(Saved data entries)
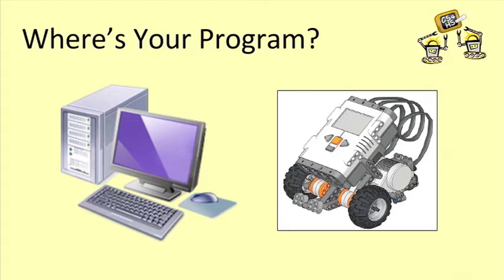While this program only took us a few minutes to write, many of the others that you'll eventually be writing will take a lot more of your time, and you certainly will want to make sure that you save a copy.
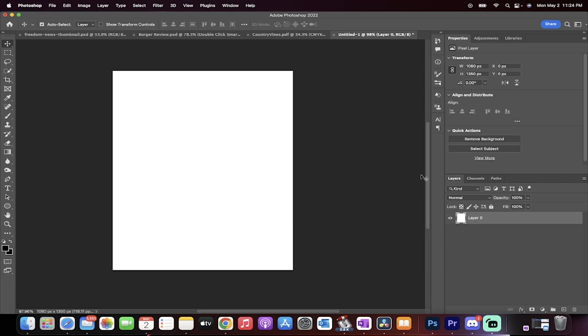Hello everybody, welcome back to another Adobe Photoshop 2022 tutorial. This one I'm going to show you how to stop images from resizing to fit the artboard or your workspace.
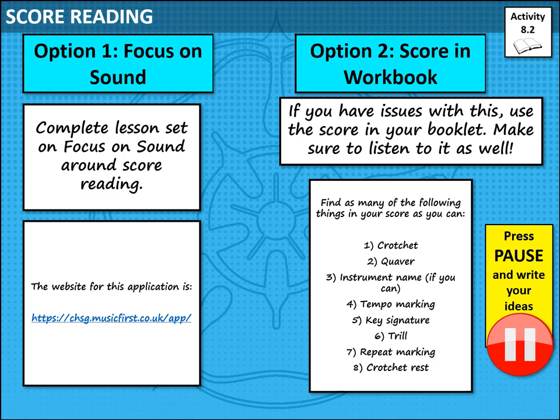Moving on to score reading. We have two options for this section of today's lesson. Option one is Focus on Sound, which is the application that we've been given access to for this coming year. On there, you'll see that I've set you a lesson on score reading. It's interactive and it will make sure that you listen, follow scores and are able to understand how to read them — both small and large scores. Please use the link on the screen now. If you have issues logging into Focus on Sound, please email me in the first instance. I'll be able to re-sort passwords and anything that you need.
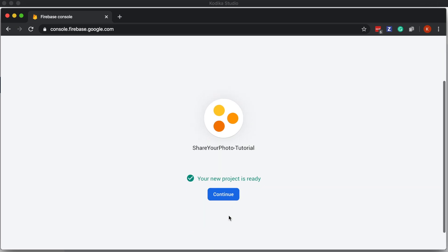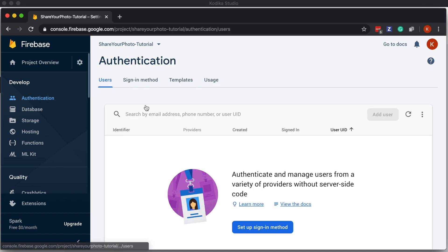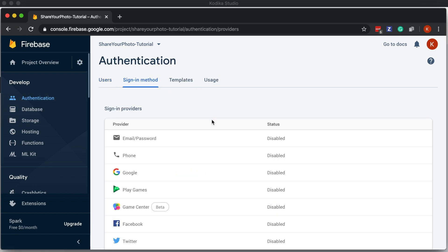After the project has been successfully created, we need to go to the Authentication section and enable the Email Password Provider.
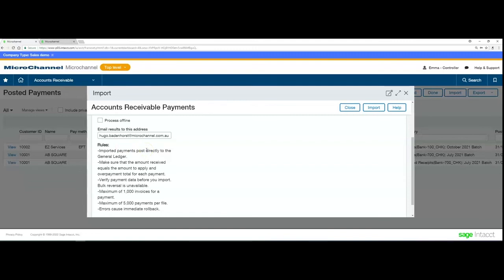There are rules stipulated on the import screen — take note of those. The amount must balance and it posts directly to the GL. Always verify your data before importing, as there is no bulk reversal available. Also take note of the maximum number of invoices and maximum number of payments allowed per file to ensure you stay within the limits.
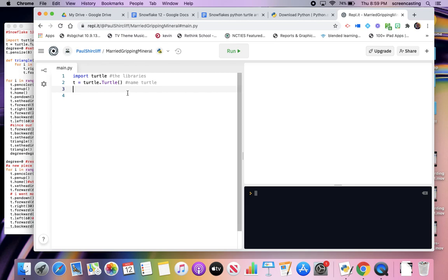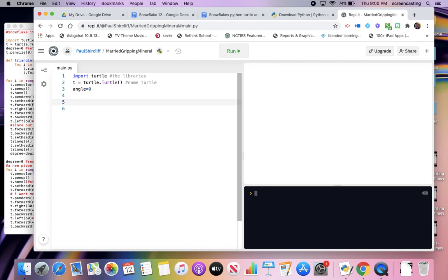I'm going to name my turtle. I want to create a variable: angle equals zero, because I'm going to use that for my direction. It's always going to be starting at zero-zero. If I don't know where it is, I can always tell it to go home. Started off at home just in case - it never hurts to initialize things.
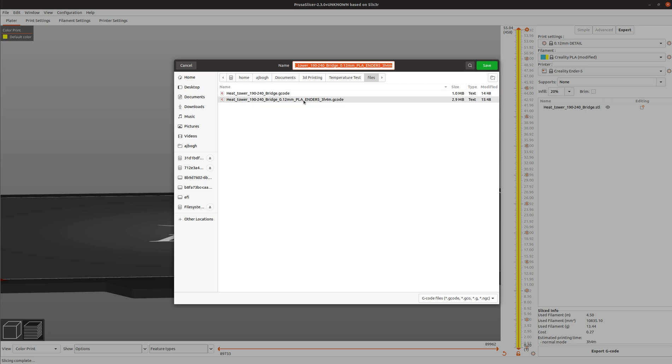Whatever new filament you purchase, you can create one of these temperature towers and see which temperature works best for it. Alright, thanks for watching.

*ASSIGNMENT*. Look for the line that contains "I'm going to name", then please copy it and the rest of the lines through the end of the data, pictures excluded.

*TASK OUTPUT*.
I'm going to name my turtle. I want to create a variable: angle equals zero, because I'm going to use that for my direction. It's always going to be starting at zero-zero. If I don't know where it is, I can always tell it to go home. Started off at home just in case - it never hurts to initialize things.
Whatever new filament you purchase, you can create one of these temperature towers and see which temperature works best for it. Alright, thanks for watching.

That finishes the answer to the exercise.